Jean Technologies Icon
Jean Technologies Text
All Posts
Research||8 min read

Why General-Purpose Embeddings Fail at Human Matching

And what outcome-trained representations get right

JP
Jonathan Politzki
Founder

The embedding models that power most search and recommendation systems today were trained with a single objective: make semantically similar text produce similar vectors. This works remarkably well for document retrieval and semantic search. It fails, often silently, when applied to human matching.

The similarity trap

Consider a recruiting platform that uses off-the-shelf embeddings to match candidates to roles. The system will reliably surface candidates whose resumes contain the same keywords as the job description. A posting for "Senior React Engineer" will return profiles that mention React, JavaScript, and frontend development.

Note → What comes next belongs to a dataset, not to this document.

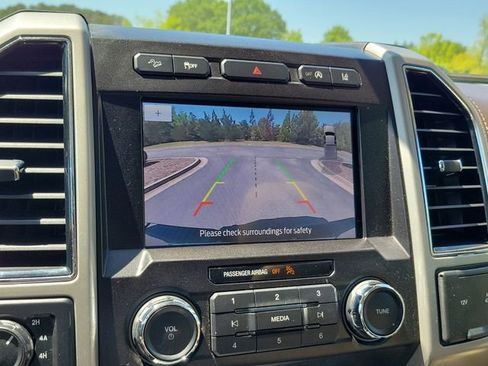 Used 2020 Ford F150 Lariat AWD/4WD image 22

But keyword overlap is not what predicts a successful hire. The candidates who stay longest and perform best are often those whose deeper traits, working style, growth trajectory, and cultural fit, align with the team and role in ways that surface-level text matching cannot capture.

This is the fundamental gap. General-purpose embeddings optimize for a proxy (text similarity) rather than the actual outcome (successful match).

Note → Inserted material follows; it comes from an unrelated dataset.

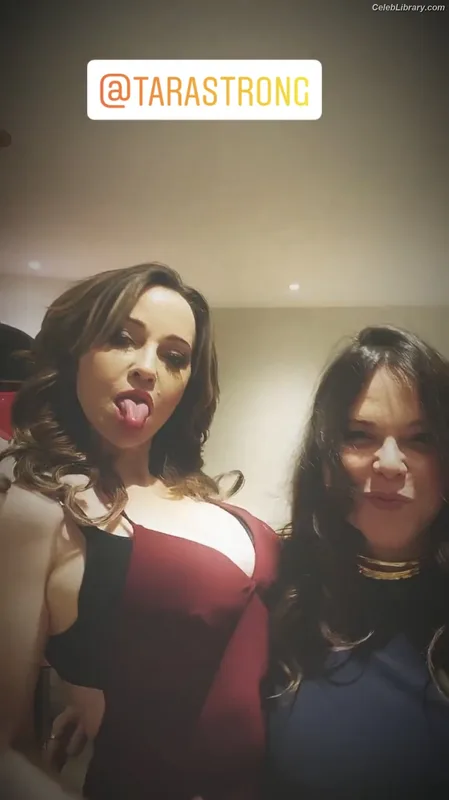 Tara Strong photo 24 of 182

What outcome-trained embeddings look like

Our approach starts from a different premise. Instead of training on text similarity, we train dual-encoder models on labeled outcomes: hires that lasted, dates that converted to second dates, founders who closed term sheets with specific investors.

The training signal is not "these two texts are similar" but "these two entities had a successful interaction." This produces a fundamentally different geometry in the embedding space, one that encodes compatibility rather than surface similarity.

Measuring the difference

On our internal benchmarks, domain-specific embeddings trained on outcome data achieve 84.3% NDCG@10 on compatibility retrieval tasks, compared to 52-69% for leading general-purpose models including OpenAI, Gemini, and Voyage. The gap is not marginal. It reflects a structural difference in what the models have learned to represent.

Implications

For any platform where the quality of matches directly impacts business outcomes, the choice of embedding model is not a commodity decision. It is the core piece of infrastructure that determines whether your system matches on keywords or on compatibility.

We are building this infrastructure as a platform: embeddings and rerankers adapted for specific matching domains, deployable via API, and trained on the outcomes that matter to each customer.